Tajikistan’s central bank cut its benchmark refinancing rate by another 100 basis points as inflation continued to decline in October due to the short-term drop in the price of domestic food products.
The National Bank of Tajikistan cut its rate to 12.25 percent and has now cut it by a net 175 basis points this year following a 150-basis point cut in May when it reversed course after raising the rate by 75 points in February.
The central bank said it expects an increase in capital flows and thus the exchange rate partly due to the U.S. Federal Reserve’s policy stance which should strengthen the national currency and help stabilize inflation, which is expected to remain within the target level in the medium term.

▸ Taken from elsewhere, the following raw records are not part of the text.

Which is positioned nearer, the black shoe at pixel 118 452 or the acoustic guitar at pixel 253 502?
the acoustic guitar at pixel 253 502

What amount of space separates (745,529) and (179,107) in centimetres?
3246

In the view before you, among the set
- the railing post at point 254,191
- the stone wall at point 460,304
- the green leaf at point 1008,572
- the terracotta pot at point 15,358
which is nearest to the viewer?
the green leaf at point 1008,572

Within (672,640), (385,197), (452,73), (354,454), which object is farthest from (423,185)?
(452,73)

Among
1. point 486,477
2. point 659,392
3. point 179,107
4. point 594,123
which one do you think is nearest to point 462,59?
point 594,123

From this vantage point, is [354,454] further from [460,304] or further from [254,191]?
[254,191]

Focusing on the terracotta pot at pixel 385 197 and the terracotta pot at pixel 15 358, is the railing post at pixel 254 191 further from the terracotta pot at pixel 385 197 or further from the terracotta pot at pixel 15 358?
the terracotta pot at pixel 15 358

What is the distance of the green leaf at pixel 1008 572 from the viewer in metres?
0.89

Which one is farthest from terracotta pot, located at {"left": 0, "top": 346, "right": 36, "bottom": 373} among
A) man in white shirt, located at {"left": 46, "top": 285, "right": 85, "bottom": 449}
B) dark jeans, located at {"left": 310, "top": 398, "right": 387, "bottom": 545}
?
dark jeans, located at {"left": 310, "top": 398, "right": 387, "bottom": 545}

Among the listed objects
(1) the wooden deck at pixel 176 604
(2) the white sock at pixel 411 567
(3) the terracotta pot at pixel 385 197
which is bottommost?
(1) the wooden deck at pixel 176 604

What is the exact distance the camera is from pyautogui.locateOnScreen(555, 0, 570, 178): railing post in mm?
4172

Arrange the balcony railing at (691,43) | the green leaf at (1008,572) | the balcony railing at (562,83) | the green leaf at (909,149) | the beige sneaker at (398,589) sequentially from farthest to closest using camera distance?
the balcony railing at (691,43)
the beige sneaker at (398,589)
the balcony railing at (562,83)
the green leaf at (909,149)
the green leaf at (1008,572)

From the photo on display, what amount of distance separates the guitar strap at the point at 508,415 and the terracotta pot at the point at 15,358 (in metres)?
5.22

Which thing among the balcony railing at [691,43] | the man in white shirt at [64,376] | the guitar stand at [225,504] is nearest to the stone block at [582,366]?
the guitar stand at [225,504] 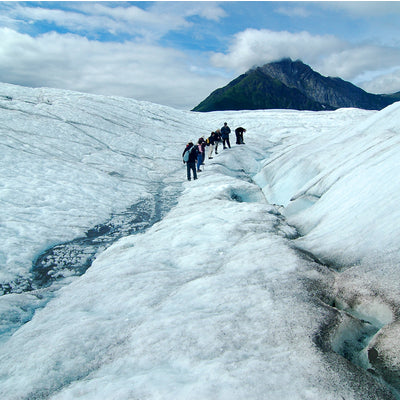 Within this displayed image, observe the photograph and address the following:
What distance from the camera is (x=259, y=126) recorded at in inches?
1810

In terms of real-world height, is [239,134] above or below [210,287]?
above

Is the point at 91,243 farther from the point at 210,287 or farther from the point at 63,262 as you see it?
the point at 210,287

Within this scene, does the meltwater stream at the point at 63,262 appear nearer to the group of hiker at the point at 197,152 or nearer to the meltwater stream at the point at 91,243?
the meltwater stream at the point at 91,243

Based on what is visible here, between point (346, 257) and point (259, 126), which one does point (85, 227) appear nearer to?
point (346, 257)

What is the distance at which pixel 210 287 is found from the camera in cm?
559

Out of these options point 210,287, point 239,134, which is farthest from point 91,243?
point 239,134

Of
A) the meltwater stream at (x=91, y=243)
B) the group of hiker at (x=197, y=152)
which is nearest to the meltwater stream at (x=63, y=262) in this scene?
the meltwater stream at (x=91, y=243)

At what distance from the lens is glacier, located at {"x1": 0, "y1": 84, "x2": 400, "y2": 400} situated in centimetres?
351

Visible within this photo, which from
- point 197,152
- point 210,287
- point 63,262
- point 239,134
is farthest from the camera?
point 239,134

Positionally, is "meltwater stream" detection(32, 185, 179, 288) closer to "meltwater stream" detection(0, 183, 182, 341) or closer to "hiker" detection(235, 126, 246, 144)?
"meltwater stream" detection(0, 183, 182, 341)

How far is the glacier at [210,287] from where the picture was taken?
351cm

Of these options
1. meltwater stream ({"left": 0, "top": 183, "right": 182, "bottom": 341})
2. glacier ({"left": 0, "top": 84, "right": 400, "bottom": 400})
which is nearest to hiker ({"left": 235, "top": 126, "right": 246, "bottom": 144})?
glacier ({"left": 0, "top": 84, "right": 400, "bottom": 400})

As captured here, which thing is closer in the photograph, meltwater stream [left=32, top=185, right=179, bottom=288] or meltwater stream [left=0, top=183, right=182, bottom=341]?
meltwater stream [left=0, top=183, right=182, bottom=341]

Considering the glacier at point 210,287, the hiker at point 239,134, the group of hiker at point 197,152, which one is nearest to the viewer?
the glacier at point 210,287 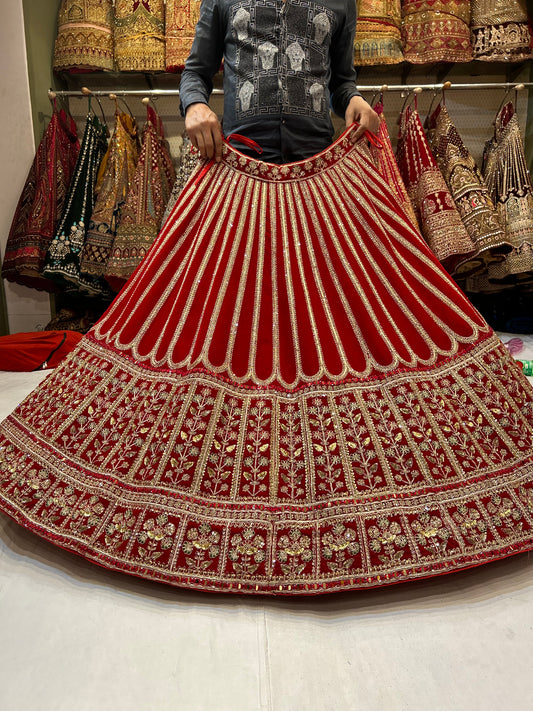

Tajikistan’s inflation rate accelerated in the first half of this year to hit 8.8 percent in May and remained high until September until it dropped to 8.1 percent and then 7.3 percent in October.
Tajikistan’s central bank currently targets inflation of 7.0 percent, plus/minus 2 percentage points but has lowered the 2020 target to 6.0 percent, plus/minus 2 percentage points.
Tajikistan’s gross domestic product grew 7.2 percent in the first nine months of the year, down from 7.5 percent in the first six months.
Tajikistan’s currency the somoni, which replaced the Tajikistani ruble in 2000, has been steadily depreciating since 2014 and was trading at 9.69 to the U.S. dollar today, down 2.7 percent this year and down 9 percent since the start of 2018.
Dollarization of citizens deposits has been declining in recent years and has fallen to around 50 percent of deposits this year from over 70 percent in 2016.